The Green Building Council in North Carolina says a bill moving through the legislature would prevent the state from keeping up with advances in building practice, reports the Charlotte Business Journal (“Charlotte US Green Building Council rallies members to fight HB 120,” by Susan Stabley). The bill, HB 120, would direct the state to revise building codes every six years instead of every three years, and would prevent towns from conducting inspections not required by the statewide code. In a letter to state senators, USGBC-NC director Emily Scofield and board chairman Chris Studney wrote, "Delaying implementation of building codes keeps our state from moving forward. It means the minimum standards for North Carolina’s building and housing stock will fail to keep pace with advancing building science and building practices used across the country. A modern energy code will save money for your constituents.”

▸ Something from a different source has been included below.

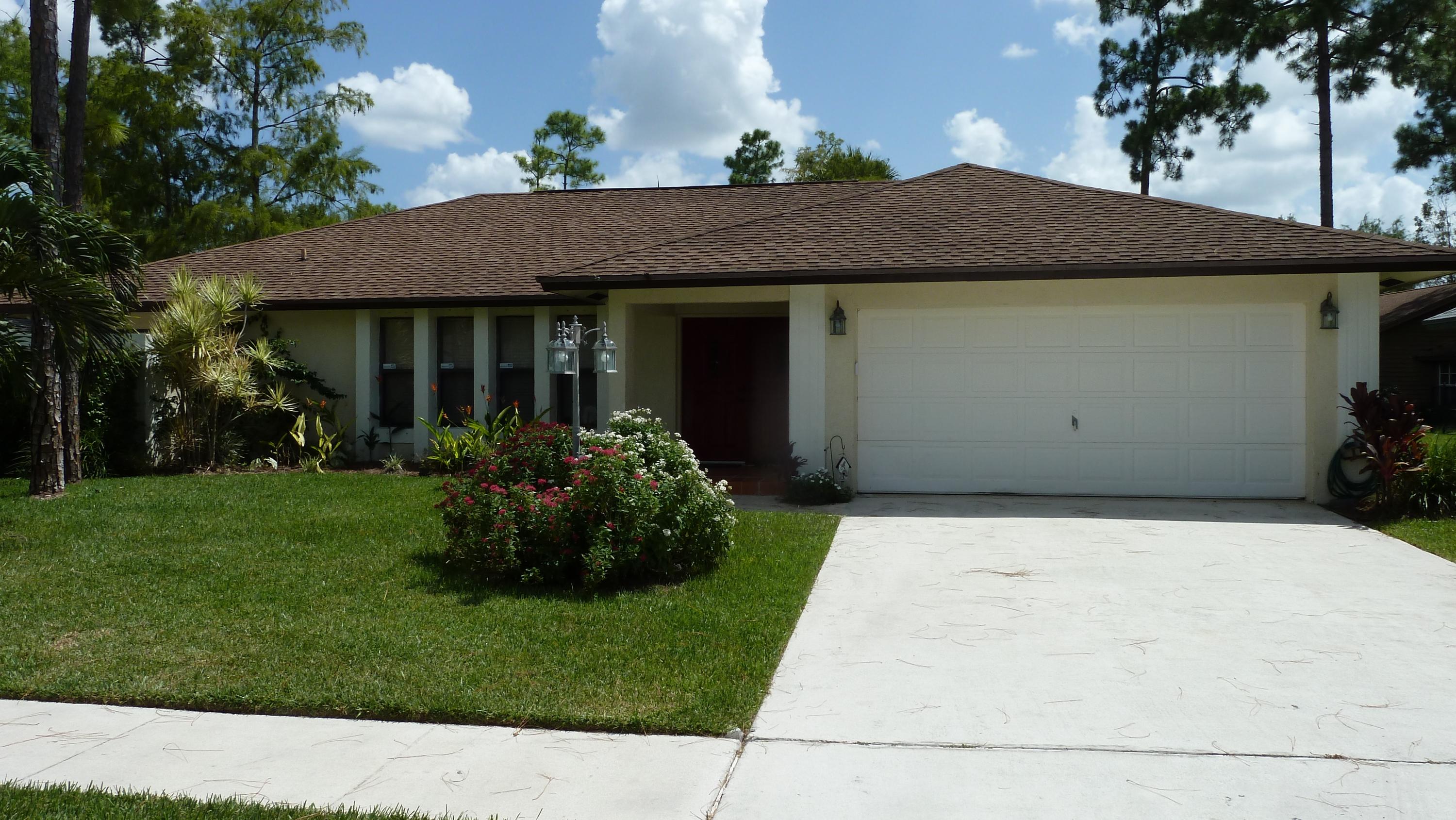 1075 Raintree Lane Wellington, FL 33414 - Photo 1 of 21 Exterior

At the same time, North Carolina mayors are getting heated up over proposed limits on local zoning enforcement powers, reports the Raleigh Public Record (“Proposed State Law Could Have a Huge Impact on Residential Zoning Laws,” by Charles C. Duncan Pardo). One fear raised by Raleigh deputy planning director Ken Bowers is that the bill would unleash multi-family or rooming-house construction in single-family zoned neighborhoods, the paper says. “Bowers said the biggest implication in the proposal is that cities could no longer regulate the layout of rooms in a house,” the paper reports. Said Bower: “Imagine I go into a house and build four kitchens, four bedrooms, four bathrooms, all along a central corridor. All I need is a couple doors with locks, et voila, I’ve got four units... This impacts every single-family zone in every single neighborhood in the state.”